Lab 04: CUDA Reduce Optimization
Annotated code reading lab. Running code is optional.
GPU Kernels / Profiling
Kernel performance depends on data movement as much as math. Use memory hierarchy, tiling, fusion, coalescing, bank conflicts, and profiler counters to explain whether the workload is bandwidth-bound or compute-bound.
Read code to understand the concept
Kernel performance depends on data movement as much as math. Use memory hierarchy, tiling, fusion, coalescing, bank conflicts, and profiler counters to explain whether the workload is bandwidth-bound or compute-bound.
Core mechanism
- Explain the problem, the mechanism, the resource tradeoff, the common failure mode, and the measurement that would validate the claim.
- Kernel performance depends on data movement as much as math. Use memory hierarchy, tiling, fusion, coalescing, bank conflicts, and profiler counters to explain whether the workload is bandwidth-bound or compute-bound.
Annotated starter links
These files are reading material first. If you later decide to run them, treat the run as optional validation rather than the main learning path.
Starter Preview
Excerpt from code/lab-04-cuda-reduce/reduce.cu.
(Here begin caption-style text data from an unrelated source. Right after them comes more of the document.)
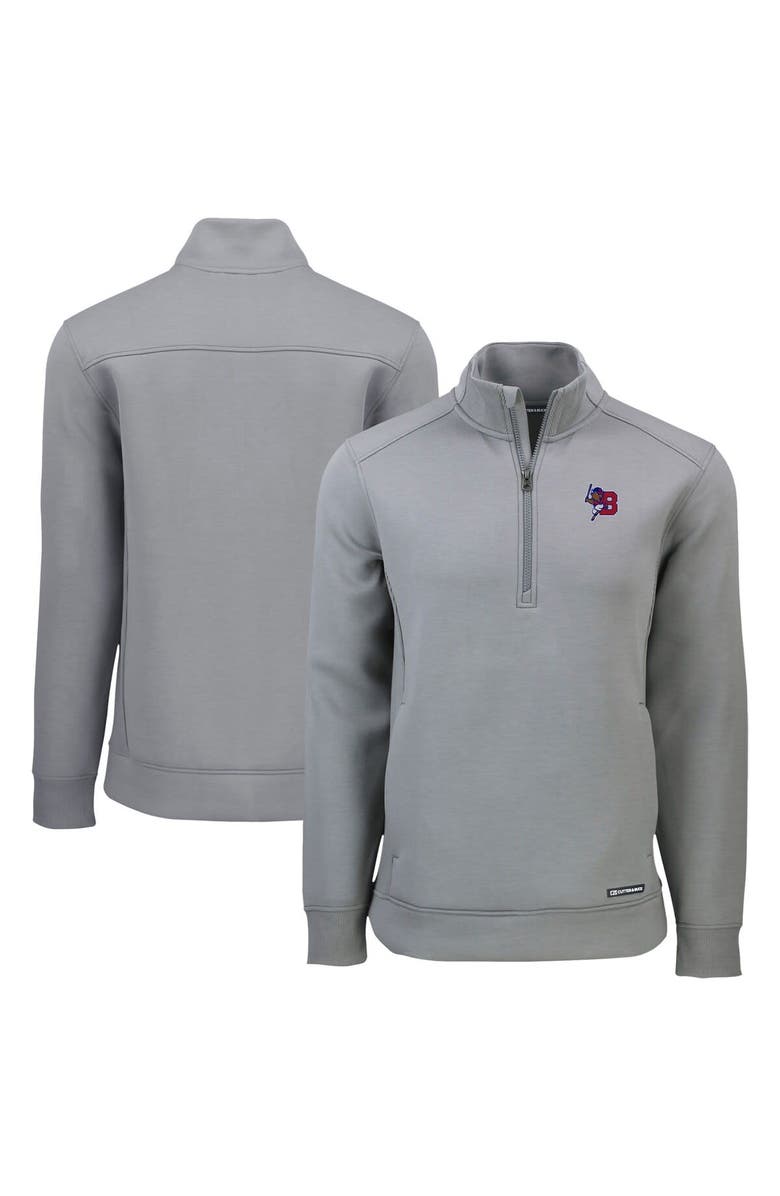 Cutter & Buck Men's Cutter & Buck  Gray Buffalo Bisons Roam Eco Recycled Quarter-Zip Pullover, Main, color, 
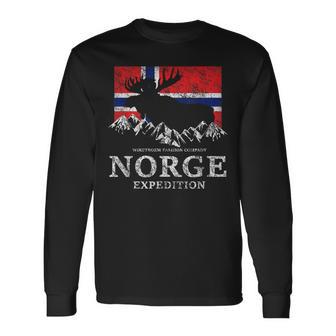 Norvegia Alce Fiordo Norvegiaacanzecandinavia Oslo Bergen Maglietta a maniche lunghe - Novitaregali
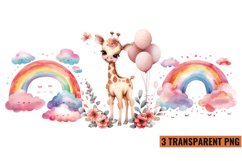 Watercolor Pink Baby Shower Clipart , PNG Product Image 1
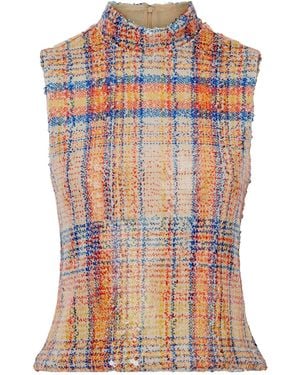 Brandon Maxwell Sequined Mesh Turtleneck Top - Multicolour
This preview explains the key idea; the linked starter file is the source of truth.
__global__ void atomic_reduce_kernel(const float* x, float* out, int n) {
int idx = blockIdx.x * blockDim.x + threadIdx.x;
float local = 0.0f;
for (int i = idx; i < n; i += blockDim.x * gridDim.x) local += x[i];
atomicAdd(out, local); // many blocks contend on one global address
}
__global__ void shared_reduce_kernel(const float* x, float* partial, int n) {
extern __shared__ float smem[];
smem[threadIdx.x] = local_sum_for_this_thread;
__syncthreads();
for (int stride = blockDim.x / 2; stride > 0; stride >>= 1) {
if (threadIdx.x < stride) smem[threadIdx.x] += smem[threadIdx.x + stride];
__syncthreads();
}
if (threadIdx.x == 0) partial[blockIdx.x] = smem[0];
}Key code blocks
blockIdx/threadIdx- Identify which slice of input each thread processes.
atomicAdd- Correct but potentially slow when many threads or blocks update one location.
extern __shared__- Allocates fast block-local scratch space for reduction.
__syncthreads- Prevents reading partial sums before other threads have written them.
partial[blockIdx.x]- Writes one result per block, reducing global contention.
How to read this code
- Shared memory improves locality but requires correct synchronization.
- The second kernel still needs a second-stage reduction for block partials.
- Reduction performance often depends on memory traffic and synchronization, not only arithmetic.
What this code does not mean
- “Atomic operations are always bad.” They are simple and sometimes acceptable, but high contention hurts.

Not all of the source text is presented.